As primeiras imagens cinematográficas, no sentido atual do termo, não foram as do cinematógrafo dos irmãos Lumière, mas as do mutoscópio e do quinetoscópio, ou seja, imagens concebidas para a visualização privada, imagens, portanto, destinadas a serem “espiadas” através de visores individuais. Não por acaso, os temas, os motivos da maioria dos filmes produzidos para essas formas individuais de cinema evocam inevitavelmente a escopofilia, ou seja o erotismo do olhar, o desejo embutido no ato de ver: a dança em estilo borboleta de Annabelle, a dança do ventre de Fátima, a dança da paixão de Dolorita, o beijo de May lrwin e John C. Rice, a mulher nua que surge como uma pérola de dentro de um concha, garotas em trajes de dormir brincando de guerra de travesseiros e também, se preferirmos um exemplo masculino, as demonstrações de musculatura do halterofilista Eugene Sandow.
O cinema foi concebido, desde suas origens, como um lugar (em geral escuro) onde se pode espiar o outro, onde a pulsão do olhar encontra um terreno propício para manifestação. O “pecado original” do voyeurismo está na base do próprio dispositivo técnico do cinema, está nas máquinas de espiar através de buracos, fendas (fenaquisticópio, zootrópio), ou através de visores (mutoscópio, quinetoscópio), está nas salas escuras, cavernas e peepshows, onde se pode refugiar para ver sem ser visto.
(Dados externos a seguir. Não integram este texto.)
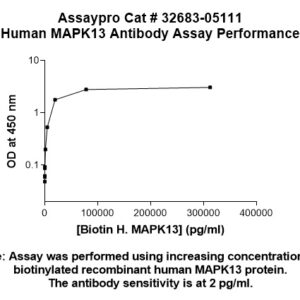 Human MAPK13 (p38 delta) Antibody (Biotin Conjugate)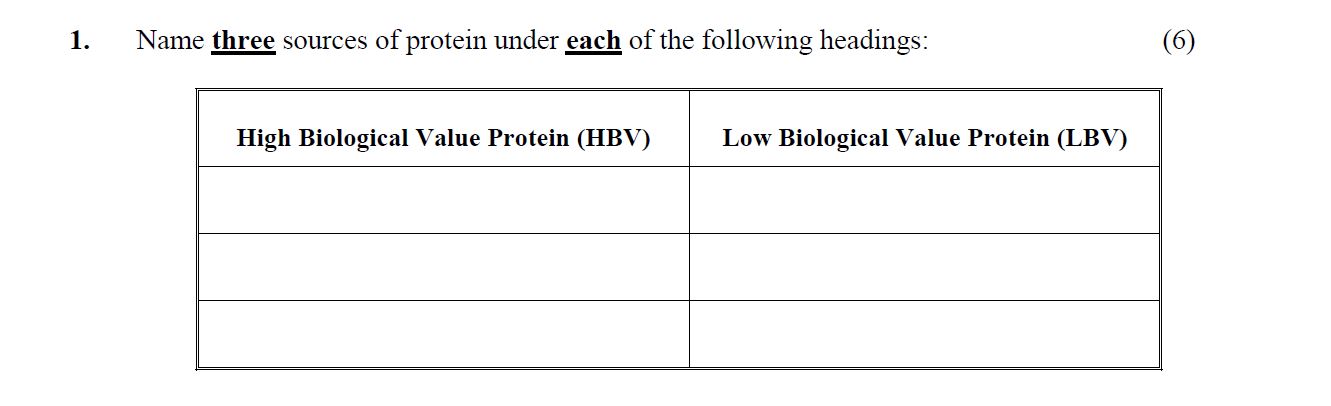 Name-three-sources-of-protein-under-each-of-the-following-headings:--High-Biological-Value-Protein-(HBV)--Low-Biological-Value-Protein-(LBV)-Leaving Cert Home Economics-Question 1-2007.png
Curioso é que essa situação digamos assim “inaugural” do cinema acabou por contaminar os próprios filmes e resultou também num dos “gêneros” mais importantes dos primeiros tempos: o filme de “buraco de fechadura” ou, para usar um termo mais genérico, o filme de voyeurismo. Nos dez ou quinze primeiros anos do cinema, uma quantidade incalculável de filmes foi produzida focalizando voyeurs e sua atividade indiscreta. No primeiro deles, As Seen through a Telescope (Conforme Visto pelo Telescópio/1900), creditado a Smith, um velho espia através de um telescópio um casal de namorados, justamente no momento em que o homem acomoda os sapatos nos pés da mulher e o vestido desta última se levanta ligeiramente. Ce que l’on Voit de Mon Sixième (O que se Vê do Meu Sexto Andar/1901) mostra um homem, à janela de seu apartamento, espiando os vizinhos com sua luneta e flagrando uma mulher em pleno ato de se despir. Tais como esses, uma grande quantidade de outros filmes mostram uma pessoa (geralmente um serviçal burlesco) percorrendo os corredores de um prédio ou de uma casa de banhos e aproveitando para espiar pelos buracos das fechaduras a intimidade dos condôminos ou dos banhistas.